Boolean and Vector space model retrieval (IR homework)

Primary LanguagePython

Boolean Retrieval and Vector Space Model with Positional Indexing

wikipedia-reader.py

  • Takes some arguments as wikipedia article titles and save their contents into pages folder.

  • Takes RANDOM $number to save $number wikipedia article(s).

Examples:

python .\wikipedia-reader.py "Project I.G.I." "Dota 2"

python .\wikipedia-reader.py RANDOM 5

retrieval.py

Get files in pages directory and after cleaning and filtering, make dict(dict({float, float, list, int})) model which is word, documnet name and {TF_IDF, normalized TF-IDF, positional index, count}.
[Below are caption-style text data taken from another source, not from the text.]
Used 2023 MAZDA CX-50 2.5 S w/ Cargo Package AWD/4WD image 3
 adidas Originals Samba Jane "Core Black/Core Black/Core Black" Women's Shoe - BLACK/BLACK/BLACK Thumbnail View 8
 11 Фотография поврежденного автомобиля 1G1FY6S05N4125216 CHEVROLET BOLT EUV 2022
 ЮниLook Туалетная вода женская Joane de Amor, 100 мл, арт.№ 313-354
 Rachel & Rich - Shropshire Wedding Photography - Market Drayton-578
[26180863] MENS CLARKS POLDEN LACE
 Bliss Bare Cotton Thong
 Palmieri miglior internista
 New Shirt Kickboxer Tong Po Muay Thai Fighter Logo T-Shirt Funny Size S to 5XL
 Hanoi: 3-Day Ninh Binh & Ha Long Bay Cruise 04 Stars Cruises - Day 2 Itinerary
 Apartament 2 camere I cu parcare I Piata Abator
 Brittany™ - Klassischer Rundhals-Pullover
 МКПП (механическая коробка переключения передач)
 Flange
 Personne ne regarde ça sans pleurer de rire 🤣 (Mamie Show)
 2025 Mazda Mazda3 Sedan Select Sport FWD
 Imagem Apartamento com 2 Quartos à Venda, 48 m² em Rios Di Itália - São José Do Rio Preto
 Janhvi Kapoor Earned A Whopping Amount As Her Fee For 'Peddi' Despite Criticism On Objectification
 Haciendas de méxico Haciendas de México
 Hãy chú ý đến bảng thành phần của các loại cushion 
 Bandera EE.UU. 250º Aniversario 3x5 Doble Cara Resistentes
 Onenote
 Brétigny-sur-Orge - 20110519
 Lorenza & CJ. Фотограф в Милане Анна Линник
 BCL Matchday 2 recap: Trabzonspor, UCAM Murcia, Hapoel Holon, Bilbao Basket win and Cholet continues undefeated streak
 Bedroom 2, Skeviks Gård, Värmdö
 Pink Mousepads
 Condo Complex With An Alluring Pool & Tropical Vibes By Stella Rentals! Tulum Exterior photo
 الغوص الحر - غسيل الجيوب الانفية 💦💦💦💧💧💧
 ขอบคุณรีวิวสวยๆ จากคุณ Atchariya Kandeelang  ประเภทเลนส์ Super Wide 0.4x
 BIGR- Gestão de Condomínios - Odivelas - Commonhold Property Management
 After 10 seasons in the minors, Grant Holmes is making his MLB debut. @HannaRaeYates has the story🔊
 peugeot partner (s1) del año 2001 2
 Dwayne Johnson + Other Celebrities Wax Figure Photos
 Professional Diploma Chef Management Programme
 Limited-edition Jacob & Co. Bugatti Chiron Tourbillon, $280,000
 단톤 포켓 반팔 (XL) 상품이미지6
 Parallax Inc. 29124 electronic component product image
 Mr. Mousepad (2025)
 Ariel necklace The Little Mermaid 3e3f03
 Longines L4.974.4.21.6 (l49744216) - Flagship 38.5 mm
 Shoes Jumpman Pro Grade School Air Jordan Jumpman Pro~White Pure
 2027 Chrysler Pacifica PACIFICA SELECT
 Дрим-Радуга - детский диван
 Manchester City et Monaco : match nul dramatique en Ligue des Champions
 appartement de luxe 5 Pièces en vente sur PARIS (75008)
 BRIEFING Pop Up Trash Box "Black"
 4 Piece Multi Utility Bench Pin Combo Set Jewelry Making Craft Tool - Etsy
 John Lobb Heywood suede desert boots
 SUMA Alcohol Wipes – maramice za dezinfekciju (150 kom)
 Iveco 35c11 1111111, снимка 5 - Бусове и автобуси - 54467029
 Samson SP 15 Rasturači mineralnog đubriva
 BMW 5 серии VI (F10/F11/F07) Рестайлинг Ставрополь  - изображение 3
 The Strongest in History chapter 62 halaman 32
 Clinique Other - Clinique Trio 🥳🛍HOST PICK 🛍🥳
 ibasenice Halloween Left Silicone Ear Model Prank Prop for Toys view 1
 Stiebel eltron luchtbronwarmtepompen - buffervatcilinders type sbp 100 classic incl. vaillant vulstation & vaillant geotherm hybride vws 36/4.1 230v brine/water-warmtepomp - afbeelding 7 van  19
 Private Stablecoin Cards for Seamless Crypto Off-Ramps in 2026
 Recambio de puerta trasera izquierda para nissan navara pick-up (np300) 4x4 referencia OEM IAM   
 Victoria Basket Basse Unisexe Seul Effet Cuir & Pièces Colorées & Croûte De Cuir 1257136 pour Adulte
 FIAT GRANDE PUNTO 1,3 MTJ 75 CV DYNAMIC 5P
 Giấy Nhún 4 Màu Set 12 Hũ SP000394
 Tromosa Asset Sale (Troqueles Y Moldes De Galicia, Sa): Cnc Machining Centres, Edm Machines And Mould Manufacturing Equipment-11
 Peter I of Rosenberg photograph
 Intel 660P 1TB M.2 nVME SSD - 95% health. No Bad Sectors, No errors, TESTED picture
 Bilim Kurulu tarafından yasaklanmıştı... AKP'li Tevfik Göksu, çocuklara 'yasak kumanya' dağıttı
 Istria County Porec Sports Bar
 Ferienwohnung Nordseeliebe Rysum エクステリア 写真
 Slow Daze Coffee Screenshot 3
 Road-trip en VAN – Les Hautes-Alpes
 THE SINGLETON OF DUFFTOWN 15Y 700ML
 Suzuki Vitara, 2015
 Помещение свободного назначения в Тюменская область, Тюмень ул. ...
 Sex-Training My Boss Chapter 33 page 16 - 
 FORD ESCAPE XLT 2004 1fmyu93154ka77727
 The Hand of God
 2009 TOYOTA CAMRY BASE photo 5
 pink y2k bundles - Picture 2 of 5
  • For changing to boolean retrival run file with arg boolean and vector for vector space model(default).
NOTE

stopwords and punkt from nltk is required.

import nltk
nltk.download(['punkt','stopwords'])

query.py

  • Takes query and search in models created in retrieval.py. (retrieval_inverted_index.dict and doc_names.list)
  • Also takes keywords (AND, OR, WITH, NEAR and NOT) for boolean retrieval.
  • For changing to boolean retrival run file with arg boolean and vector for vector space model(default).
Example:

Search: valve dota

Search: valve AND dota

Search: valve OR NOT dota

Search: valve NEAR5 dota

Search: valve WITH dota

Search: valve NOT WITH dota

Search: valve NOT NEAR10 dota

Search: \exit